Classification of the congenital anomalies fell into two groups. 1) Single defect (51%): Deformation-2; Malformation-38 (CSV 12, GU 10, Pulm.7, CNS 6, GI 3). II) Multiple anomalies (49%): Chromosomal-13; Monogenic-11, Unknown-15 (i.e. about 40% of the multiple congenital anomalies could not be diagnosed).

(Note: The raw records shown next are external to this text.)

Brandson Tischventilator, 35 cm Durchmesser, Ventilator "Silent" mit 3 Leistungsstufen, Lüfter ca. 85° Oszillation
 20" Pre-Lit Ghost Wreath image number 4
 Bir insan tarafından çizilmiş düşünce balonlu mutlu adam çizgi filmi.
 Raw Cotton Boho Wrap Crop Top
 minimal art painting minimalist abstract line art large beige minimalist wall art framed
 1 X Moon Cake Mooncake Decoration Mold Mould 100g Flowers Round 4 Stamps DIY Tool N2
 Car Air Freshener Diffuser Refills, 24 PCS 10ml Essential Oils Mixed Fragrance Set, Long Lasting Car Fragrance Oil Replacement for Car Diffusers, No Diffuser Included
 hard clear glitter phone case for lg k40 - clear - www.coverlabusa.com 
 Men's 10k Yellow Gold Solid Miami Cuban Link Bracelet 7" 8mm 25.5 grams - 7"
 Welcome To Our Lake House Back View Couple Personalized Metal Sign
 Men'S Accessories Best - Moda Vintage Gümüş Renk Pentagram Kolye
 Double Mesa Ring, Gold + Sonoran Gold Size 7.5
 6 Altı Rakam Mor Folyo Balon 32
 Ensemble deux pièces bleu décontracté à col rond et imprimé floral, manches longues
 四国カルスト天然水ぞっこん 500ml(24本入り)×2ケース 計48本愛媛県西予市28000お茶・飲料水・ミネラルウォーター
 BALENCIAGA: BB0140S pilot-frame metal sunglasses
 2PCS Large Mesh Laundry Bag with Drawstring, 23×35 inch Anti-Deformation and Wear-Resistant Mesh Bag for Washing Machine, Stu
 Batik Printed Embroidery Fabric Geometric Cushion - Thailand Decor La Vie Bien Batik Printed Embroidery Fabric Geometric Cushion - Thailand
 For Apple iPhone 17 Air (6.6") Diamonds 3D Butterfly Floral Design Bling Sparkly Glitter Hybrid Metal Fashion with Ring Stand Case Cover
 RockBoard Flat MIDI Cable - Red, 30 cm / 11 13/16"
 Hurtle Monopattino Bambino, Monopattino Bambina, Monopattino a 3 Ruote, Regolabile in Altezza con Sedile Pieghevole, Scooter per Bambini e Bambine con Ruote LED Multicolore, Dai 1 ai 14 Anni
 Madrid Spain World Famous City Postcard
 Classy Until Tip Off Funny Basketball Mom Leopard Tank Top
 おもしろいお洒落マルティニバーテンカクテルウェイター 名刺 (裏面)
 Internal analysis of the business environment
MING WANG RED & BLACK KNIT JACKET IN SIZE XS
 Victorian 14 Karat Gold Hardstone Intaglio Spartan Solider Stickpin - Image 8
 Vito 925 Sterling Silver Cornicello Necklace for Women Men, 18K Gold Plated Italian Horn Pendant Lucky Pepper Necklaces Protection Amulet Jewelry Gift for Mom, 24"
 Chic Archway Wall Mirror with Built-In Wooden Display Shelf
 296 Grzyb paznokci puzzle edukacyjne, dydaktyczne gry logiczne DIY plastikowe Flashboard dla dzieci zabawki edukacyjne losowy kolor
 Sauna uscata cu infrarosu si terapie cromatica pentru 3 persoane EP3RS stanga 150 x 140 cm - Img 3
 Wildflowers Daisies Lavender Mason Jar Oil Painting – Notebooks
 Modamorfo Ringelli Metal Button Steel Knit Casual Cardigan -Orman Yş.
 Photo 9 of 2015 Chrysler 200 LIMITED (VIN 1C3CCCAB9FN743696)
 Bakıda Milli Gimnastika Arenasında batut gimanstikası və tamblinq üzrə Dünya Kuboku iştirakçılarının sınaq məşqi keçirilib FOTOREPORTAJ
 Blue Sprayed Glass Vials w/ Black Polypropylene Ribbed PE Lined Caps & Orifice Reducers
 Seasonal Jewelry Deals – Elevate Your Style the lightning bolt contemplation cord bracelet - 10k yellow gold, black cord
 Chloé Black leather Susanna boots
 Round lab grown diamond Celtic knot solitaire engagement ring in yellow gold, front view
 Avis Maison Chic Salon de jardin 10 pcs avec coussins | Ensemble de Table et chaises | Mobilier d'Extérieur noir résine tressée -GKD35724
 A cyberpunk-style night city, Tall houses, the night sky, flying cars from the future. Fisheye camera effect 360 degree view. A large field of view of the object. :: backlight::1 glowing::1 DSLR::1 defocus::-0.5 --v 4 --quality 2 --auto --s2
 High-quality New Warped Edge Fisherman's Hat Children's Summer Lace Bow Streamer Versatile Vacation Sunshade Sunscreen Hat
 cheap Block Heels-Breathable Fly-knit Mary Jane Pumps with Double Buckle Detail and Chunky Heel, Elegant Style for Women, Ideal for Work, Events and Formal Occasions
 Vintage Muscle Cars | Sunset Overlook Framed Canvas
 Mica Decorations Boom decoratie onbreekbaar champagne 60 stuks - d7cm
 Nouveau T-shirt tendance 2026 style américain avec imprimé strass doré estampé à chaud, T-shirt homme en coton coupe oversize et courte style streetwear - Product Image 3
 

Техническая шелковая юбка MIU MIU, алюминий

Clinical profile of these infants will be presented in percentage and compared to the overall NICU admission in brackets. 1) Gestational age, range 25-42 wks: preterm 73% [76%]; full-term 27% [24%]. 2) Intrauterine growth retardation in 22% [6%]. 3) Multiple births in 6% [16%]. 4) Fetal anomalies were suspected antenatally in 65%. 5) Delivery by cesarean section occurred in 43% [38%] and was performed primarily for fetal reasons in 74%. Of these, 64% had lethal congenital anomalies, chromosomal disorders or recognized syndromes with grave outcome. 6) Mortality in NICU was 25% [10%]; all of these deaths were attributed to congenital anomalies, none to prematurity. Another 10% [1%] died within the first year after discharge/transfer. 7) These cases accounted for 2580 patient-days (13% of NICU workload).
These findings raise concerns about the perinatal diagnosis and management of neonates with congenital anomalies, particularly those suspected antenatally.